Ho appena letto sul Messaggero online poche righe sull’esortazione del vescovo di Roma a tornare all’essenza del cristianesimo, al di là delle “stratificazioni” successive, che tendono a rivelarsi deludenti. Non è la prima volta per Francesco, anzi. Né è la prima volta per aree non trascurabili del mondo cattolico.
In occasione del Concilio Vaticano II, si preferì il vocabolo aggiornamento alla parola riforma. Troppo esplicito sarebbe stato, forse, il rimando alle esperienze di fede scaturite dalla Riforma di Lutero, di Calvino e di altri, nel XVI secolo.
L’aggiornamento, comunque, esprime una delle due istanze contenute nella parola riforma; l’altra è una sorta di appello al “ritorno” al cristianesimo delle origini.
Probabilmente i primi riformatori tendevano un po’ a idealizzare tale ritorno, pur nella consapevolezza, che scaturiva dai testi biblici, dei contrasti e dei travagli che caratterizzavano le prime comunità cristiane. Il pólemos greco trova piena cittadinanza, per dir così, nelle Scritture.

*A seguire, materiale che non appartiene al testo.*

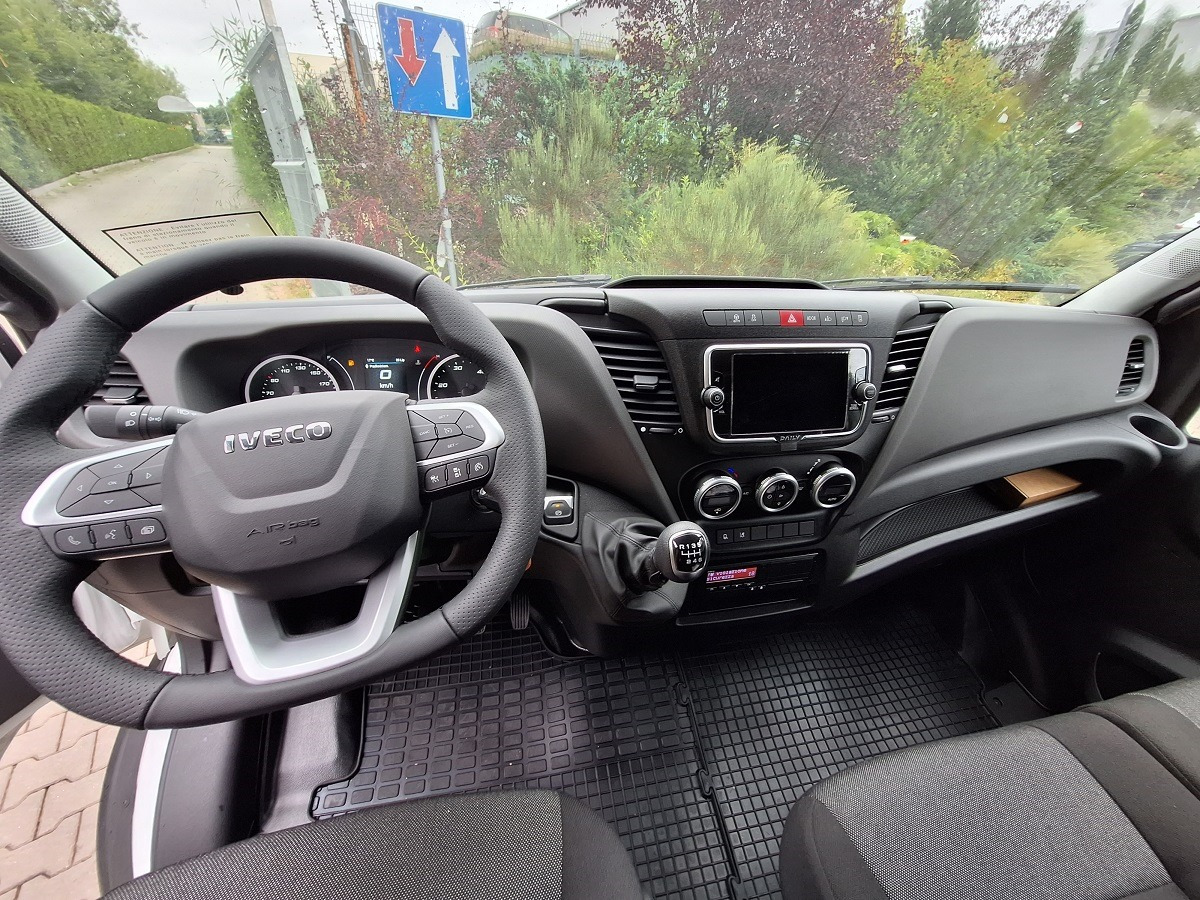 Iveco Daily 70C18A8 Backsleeper BÄR - Брезентов бус: снимка 4 Iveco Daily 70C18A8 Backsleeper BÄR - Брезентов бус: снимка 4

Particolarmente efficace è il termine essenza (οὐσία, direbbero gli antichi greci): quel che contraddistingue in modo peculiare un fenomeno, un’esperienza, una cosa, al di là degli accidenti, che possono esserci o meno, senza con ciò modificare “il nocciolo” di quella cosa o di quel fenomeno.
Certo, subito dopo si apre il confronto su dove si situi esattamente tale nocciolo. Una questione che non si può risolvere una volta per tutte, richiedendo di continuo ridefinizioni e aggiustamenti. Per dare un’idea della sua complessità, ricordo solo come la religiosità farisaica, in genere connotata negativamente in ambito cristiano, in realtà rappresenti, in quanto, come dire?, “genere letterario” comprendente al proprio interno la polemica (torna pólemos), un momento costitutivo del percorso “dialettico” (dialogico) attraverso il quale viene elaborato il messaggio cristiano.
Insomma: neppure l’essenza è scontata. Ma l’esortazione a ricercarla, a seguirla dovrebbe impegnarci e coinvolgerci in quanto donne e uomini di fede, contribuendo, tra l’altro, a dare forza e senso al cammino ecumenico.
Ritornare all’ESSENZA de Cristianesimo se questa non è mai scontata, ma va continuamente ricercata, pare un’impresa disperata. Specie per chi si impegna ad educare alla fede. Restiamo perennemente nelle nebbie? Che ci sta a fare la Chiesa se non è MAESTRA nel definire quell’ESSENZA?